Local drilling to fuel U.S. energy surge
WHEELING – Drilling in the Marcellus and Utica shale formations should help the United States surge past Saudi Arabia as the world’s largest oil producer by the end of this decade, a report released Monday by the International Energy Agency states.
“North America is at the forefront of a sweeping transformation in oil and gas production that will affect all regions of the world, yet the potential also exists for a similarly transformative shift in global energy efficiency,” said agency Executive Director Maria van der Hoeven.
As gasoline prices remain high – and tensions in the OPEC nations of the Middle East continue – increasing domestic oil production could be a way for the U.S. to boost its economy, while reducing or eliminating dependence on foreign sources of energy.
According to its website, the agency consists of 28 member nations, including the U.S., the United Kingdom, Japan, Germany and Australia. It formed in response to the 1973-74 international oil crisis to “help countries coordinate a collective response to major disruptions in oil supply through the release of emergency oil stocks to the markets.”
The report shows that by 2020, shale drilling should allow the U.S. to surpass Saudi Arabia in oil production. It also shows the U.S. should become a net exporter of natural gas within the next eight years, meaning the country should be able to produce more than it can consume.
The agency’s information also predicts the U.S. will be “almost self-sufficient in energy, in net terms, by 2035.” The projections show U.S. oil production peaking in 2020 at 11.1 million barrels a day. This theoretically means the need to import oil from the Middle East would end over the next decade.

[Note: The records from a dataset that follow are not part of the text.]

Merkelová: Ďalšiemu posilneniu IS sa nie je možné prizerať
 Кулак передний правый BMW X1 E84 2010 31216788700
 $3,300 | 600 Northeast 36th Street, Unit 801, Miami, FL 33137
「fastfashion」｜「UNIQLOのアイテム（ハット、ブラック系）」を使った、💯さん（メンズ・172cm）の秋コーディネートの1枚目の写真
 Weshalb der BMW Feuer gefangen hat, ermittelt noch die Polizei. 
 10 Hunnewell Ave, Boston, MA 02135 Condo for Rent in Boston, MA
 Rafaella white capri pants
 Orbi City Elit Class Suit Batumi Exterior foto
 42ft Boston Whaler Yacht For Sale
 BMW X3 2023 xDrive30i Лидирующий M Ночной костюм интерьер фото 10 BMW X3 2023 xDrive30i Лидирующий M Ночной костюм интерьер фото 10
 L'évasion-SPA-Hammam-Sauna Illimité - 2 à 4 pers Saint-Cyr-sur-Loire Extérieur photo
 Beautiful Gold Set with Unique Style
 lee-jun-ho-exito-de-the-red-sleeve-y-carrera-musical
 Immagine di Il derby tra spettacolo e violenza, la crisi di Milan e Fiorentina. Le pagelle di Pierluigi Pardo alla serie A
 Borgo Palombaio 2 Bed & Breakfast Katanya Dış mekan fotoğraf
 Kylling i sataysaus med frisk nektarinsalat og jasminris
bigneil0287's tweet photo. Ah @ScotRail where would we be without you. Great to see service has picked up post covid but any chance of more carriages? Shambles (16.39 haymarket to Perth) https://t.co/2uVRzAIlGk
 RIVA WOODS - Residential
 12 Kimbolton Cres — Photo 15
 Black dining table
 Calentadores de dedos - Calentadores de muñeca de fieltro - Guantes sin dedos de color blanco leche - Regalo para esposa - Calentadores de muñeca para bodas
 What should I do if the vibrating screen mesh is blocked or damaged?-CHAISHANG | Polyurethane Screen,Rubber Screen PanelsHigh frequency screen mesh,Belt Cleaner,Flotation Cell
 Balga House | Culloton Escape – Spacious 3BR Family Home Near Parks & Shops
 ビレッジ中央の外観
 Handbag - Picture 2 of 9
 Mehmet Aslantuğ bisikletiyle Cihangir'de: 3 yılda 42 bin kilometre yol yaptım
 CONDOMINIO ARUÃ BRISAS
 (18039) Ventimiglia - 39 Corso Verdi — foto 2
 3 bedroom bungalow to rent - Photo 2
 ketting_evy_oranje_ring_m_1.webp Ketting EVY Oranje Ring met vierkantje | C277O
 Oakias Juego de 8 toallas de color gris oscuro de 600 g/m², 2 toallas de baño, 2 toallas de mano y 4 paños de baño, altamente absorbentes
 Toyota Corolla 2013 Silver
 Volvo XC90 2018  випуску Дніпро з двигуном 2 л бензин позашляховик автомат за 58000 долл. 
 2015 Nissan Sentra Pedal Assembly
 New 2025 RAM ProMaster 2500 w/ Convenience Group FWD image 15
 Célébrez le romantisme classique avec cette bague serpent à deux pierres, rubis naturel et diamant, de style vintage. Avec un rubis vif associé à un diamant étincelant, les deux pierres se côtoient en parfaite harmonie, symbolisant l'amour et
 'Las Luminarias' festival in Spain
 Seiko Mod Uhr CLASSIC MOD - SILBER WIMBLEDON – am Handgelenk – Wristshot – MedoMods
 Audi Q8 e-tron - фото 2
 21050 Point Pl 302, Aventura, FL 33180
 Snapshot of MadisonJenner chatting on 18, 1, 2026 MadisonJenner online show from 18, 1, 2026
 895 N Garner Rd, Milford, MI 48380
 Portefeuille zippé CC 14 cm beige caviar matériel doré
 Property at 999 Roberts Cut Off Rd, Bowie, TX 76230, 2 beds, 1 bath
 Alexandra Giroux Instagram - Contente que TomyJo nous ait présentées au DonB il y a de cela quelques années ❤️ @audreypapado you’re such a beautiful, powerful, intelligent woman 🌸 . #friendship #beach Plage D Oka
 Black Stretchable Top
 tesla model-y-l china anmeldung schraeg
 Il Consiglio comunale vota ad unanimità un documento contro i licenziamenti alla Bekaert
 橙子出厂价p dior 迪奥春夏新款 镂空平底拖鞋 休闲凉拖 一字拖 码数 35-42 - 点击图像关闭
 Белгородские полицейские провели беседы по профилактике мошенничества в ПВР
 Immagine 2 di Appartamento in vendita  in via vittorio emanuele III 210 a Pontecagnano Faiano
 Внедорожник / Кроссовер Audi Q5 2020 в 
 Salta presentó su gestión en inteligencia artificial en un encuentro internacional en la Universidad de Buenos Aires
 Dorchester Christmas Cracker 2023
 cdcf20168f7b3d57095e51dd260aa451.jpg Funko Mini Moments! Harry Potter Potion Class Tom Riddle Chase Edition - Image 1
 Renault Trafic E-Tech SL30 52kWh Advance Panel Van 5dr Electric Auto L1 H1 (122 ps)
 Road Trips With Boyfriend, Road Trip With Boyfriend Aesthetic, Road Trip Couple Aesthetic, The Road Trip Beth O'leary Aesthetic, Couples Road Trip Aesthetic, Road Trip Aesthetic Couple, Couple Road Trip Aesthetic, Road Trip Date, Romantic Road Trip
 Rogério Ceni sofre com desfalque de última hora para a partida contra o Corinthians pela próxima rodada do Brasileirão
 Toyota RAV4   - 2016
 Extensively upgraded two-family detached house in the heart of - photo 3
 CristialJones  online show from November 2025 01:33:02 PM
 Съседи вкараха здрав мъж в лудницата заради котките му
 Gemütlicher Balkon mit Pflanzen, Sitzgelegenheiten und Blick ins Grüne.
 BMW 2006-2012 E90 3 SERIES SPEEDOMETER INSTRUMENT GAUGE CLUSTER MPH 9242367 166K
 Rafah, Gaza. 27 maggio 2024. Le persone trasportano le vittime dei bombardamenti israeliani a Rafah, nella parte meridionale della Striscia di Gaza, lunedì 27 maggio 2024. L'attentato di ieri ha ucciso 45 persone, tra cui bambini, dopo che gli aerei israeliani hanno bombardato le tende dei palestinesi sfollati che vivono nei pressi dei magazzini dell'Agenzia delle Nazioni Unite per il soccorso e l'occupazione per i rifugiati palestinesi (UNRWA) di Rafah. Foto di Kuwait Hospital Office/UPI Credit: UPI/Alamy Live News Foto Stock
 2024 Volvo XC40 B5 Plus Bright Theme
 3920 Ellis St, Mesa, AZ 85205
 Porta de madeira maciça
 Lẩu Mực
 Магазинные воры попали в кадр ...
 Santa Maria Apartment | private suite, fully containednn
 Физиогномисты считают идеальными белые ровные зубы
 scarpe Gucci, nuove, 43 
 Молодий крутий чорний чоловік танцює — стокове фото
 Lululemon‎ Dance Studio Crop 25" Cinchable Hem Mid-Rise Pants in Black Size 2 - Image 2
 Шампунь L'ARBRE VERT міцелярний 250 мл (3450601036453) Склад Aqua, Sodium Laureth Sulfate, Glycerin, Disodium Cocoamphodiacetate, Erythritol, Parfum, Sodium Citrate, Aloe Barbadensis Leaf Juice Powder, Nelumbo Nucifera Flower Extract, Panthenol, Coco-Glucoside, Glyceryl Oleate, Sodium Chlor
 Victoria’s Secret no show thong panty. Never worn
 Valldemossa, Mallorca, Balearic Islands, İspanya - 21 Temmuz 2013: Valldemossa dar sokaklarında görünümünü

According to the report, global demand for natural gas will increase to 5 trillion cubic meters in 2035. With production increasing to meet demand, roughly half of the increase in gas production will come from “unconventional sources,” mostly from the U.S. and China.
Drilling, fracking, processing, transporting and cracking in the Marcellus and Utica shale formations throughout the Upper Ohio Valley continues to increase.
Major corporations such as Chesapeake Energy, Gulfport Energy, Chevron, Exxon Mobil, Dominion Resources, MarkWest Energy, Williams Partners and Royal Dutch Shell are all taking their stakes by investing billions of dollars to harvest the resources that lie thousands of feet underground.
Productive U.S. shale formations other than the Marcellus and Utica include the Eagle Ford Shale in Texas, the Haynesville Shale of Louisiana and the Bakken Shale of North Dakota. Shale drilling typically involves horizontal drilling and fracking, which gives it the “unconventional” label.
In addition to the natural gas found in the Marcellus and Utica formations, oil and natural gas liquids – ethane, propane, butane and pentane – are also prevalent in the rocks, particularly the farther west one drills. The report shows that oil and gas from unconventional sources in the U.S. is expected to significantly increase until 2035.
The report provides a more divided view for the future of coal usage. Though environmental regulations may reduce coal burning in the U.S., global coal demand is expected to jump by 21 percent by 2035, mostly focused in China and India.